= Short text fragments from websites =
———

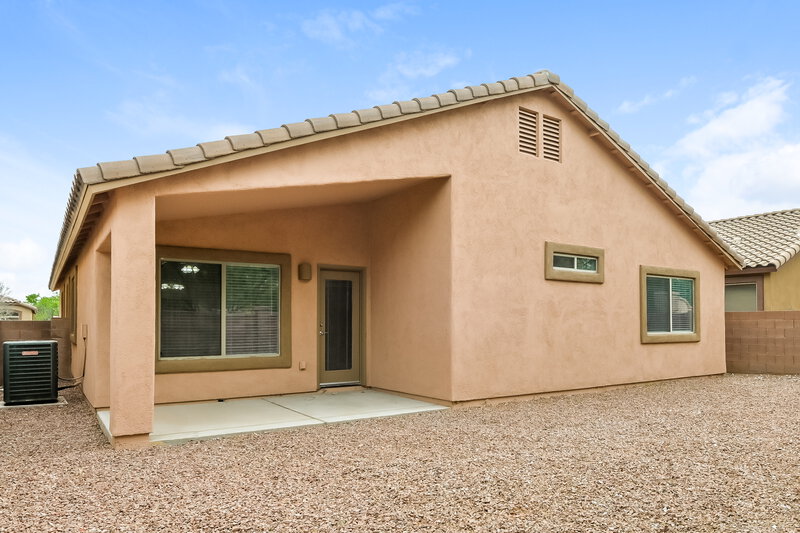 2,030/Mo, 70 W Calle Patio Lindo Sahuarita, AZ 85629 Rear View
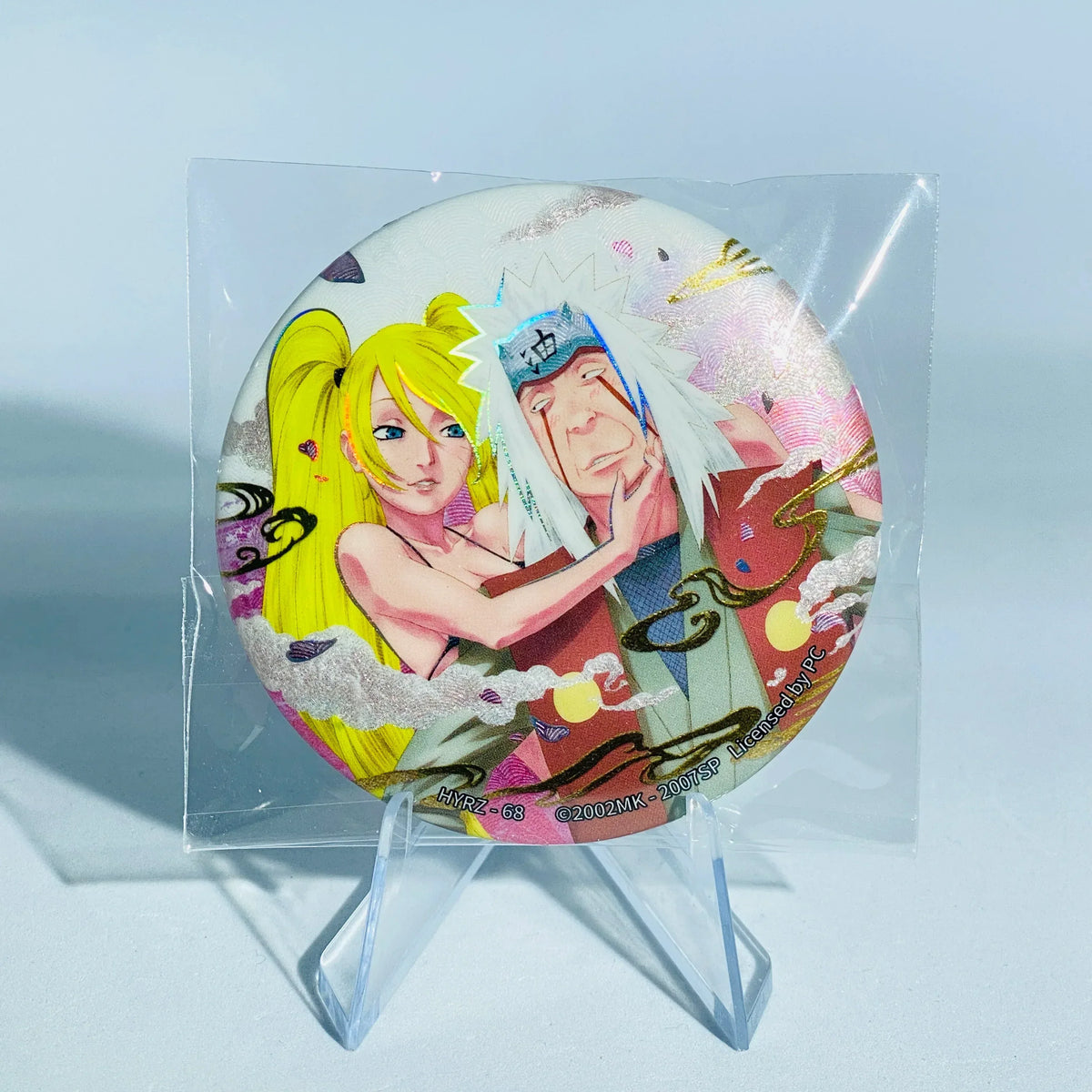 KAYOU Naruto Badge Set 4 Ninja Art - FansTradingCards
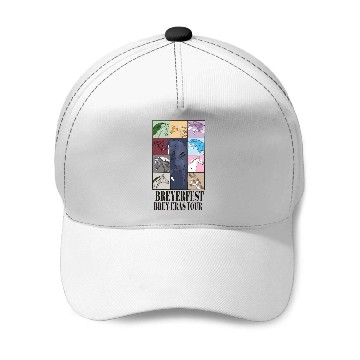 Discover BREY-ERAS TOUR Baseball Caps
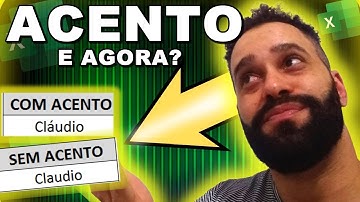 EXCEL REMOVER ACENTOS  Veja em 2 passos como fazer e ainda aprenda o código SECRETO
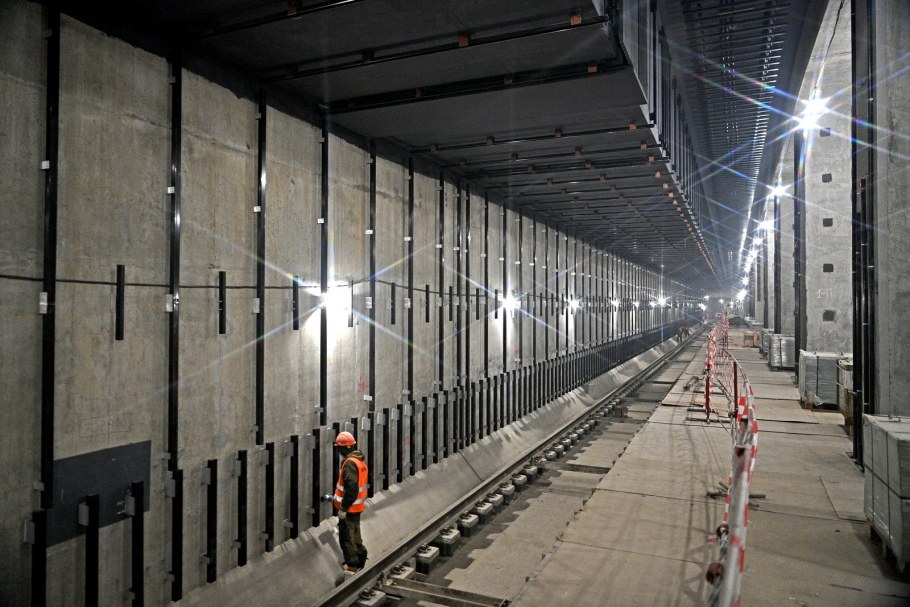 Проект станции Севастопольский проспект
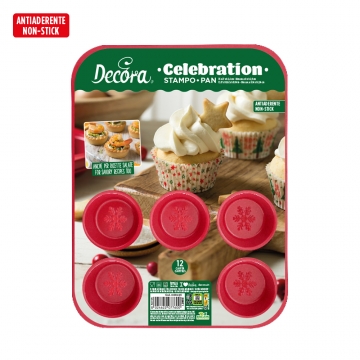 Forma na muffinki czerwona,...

———

= Work instruction =
Without changing a word, retype every entry above, but drop its pictures.

= Answer to the exercise =
 2,030/Mo, 70 W Calle Patio Lindo Sahuarita, AZ 85629 Rear View
 KAYOU Naruto Badge Set 4 Ninja Art - FansTradingCards
 Discover BREY-ERAS TOUR Baseball Caps
 EXCEL REMOVER ACENTOS  Veja em 2 passos como fazer e ainda aprenda o código SECRETO
 Проект станции Севастопольский проспект
 Forma na muffinki czerwona,...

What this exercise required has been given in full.